À l’Assemblée, Bayrou victime d’obsolescence programmée

Le premier ministre a perdu très logiquement le vote de confiance qu’il avait lui-même sollicité. Il tombe après s’être défendu sans conviction devant une Assemblée nationale qui pensait déjà à la suite.

Lucas Sarafian  • 8 septembre 2025 abonné·es
À l’Assemblée, Bayrou victime d’obsolescence programmée
François Bayrou devrait proposer sa démission de Matignon à Emmanuel Macron, mardi 9 septembre
© ALAIN JOCARD / AFP

À quelques mètres du perron de l’hôtel de Matignon, François Bayrou prend la mesure de la mission. « Nul plus que moi ne connaît la difficulté de la situation », dit le premier ministre, ce 13 décembre 2024, quelques heures après avoir été nommé officiellement.
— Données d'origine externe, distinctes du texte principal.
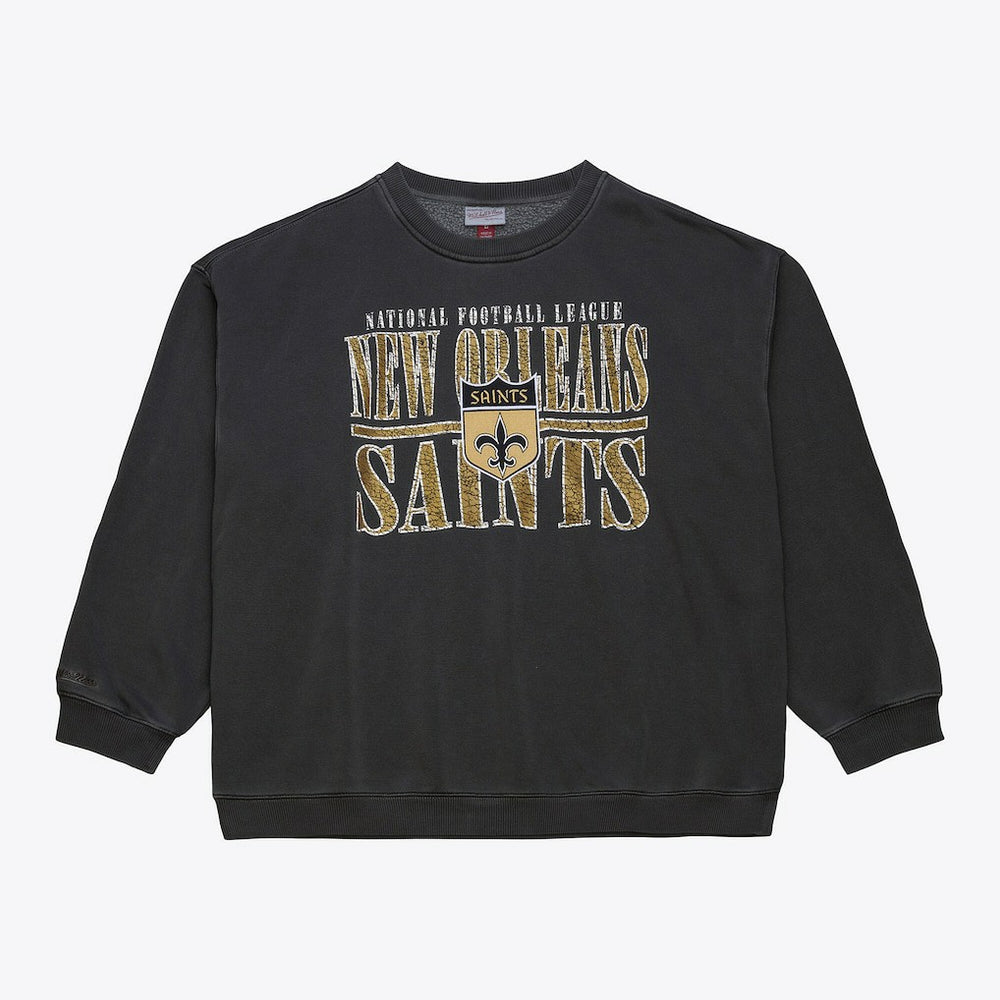 New Orleans Saints Downtown Crew Vintage Logo Sweatshirt - Black Sweatshirts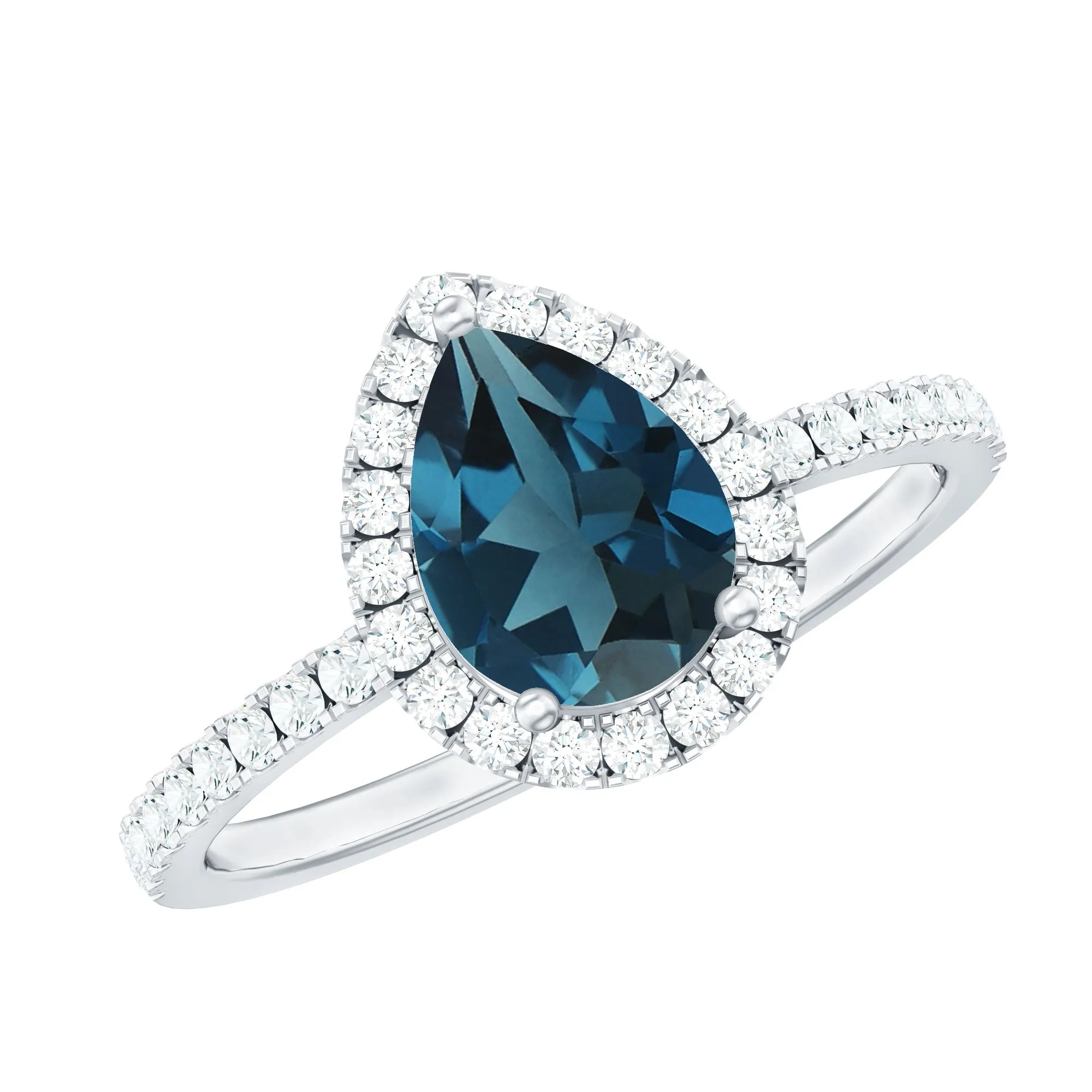 Pear Shape London Blue Topaz and Diamond Halo Ring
Cette phrase aurait pu être prophétique s’il ne parlait pas de la dette mais de sa propre situation, celle d’un chef de gouvernement à la majorité parlementaire plus que frêle et qui se montrera incapable de mener la moindre initiative politique, d’élargir le périmètre de ses soutiens ou d’être apprécié des Français.

Le jour de sa nomination, l’un de ses proches y croyait pourtant : « Il est prêt. Il a beaucoup travaillé depuis cet été quand son nom circulait déjà. Il est désormais en capacité d’extraire la quintessence de ce qui se fait de bien à gauche et à droite sur chaque sujet, sur chaque texte. » L’histoire a montré le contraire.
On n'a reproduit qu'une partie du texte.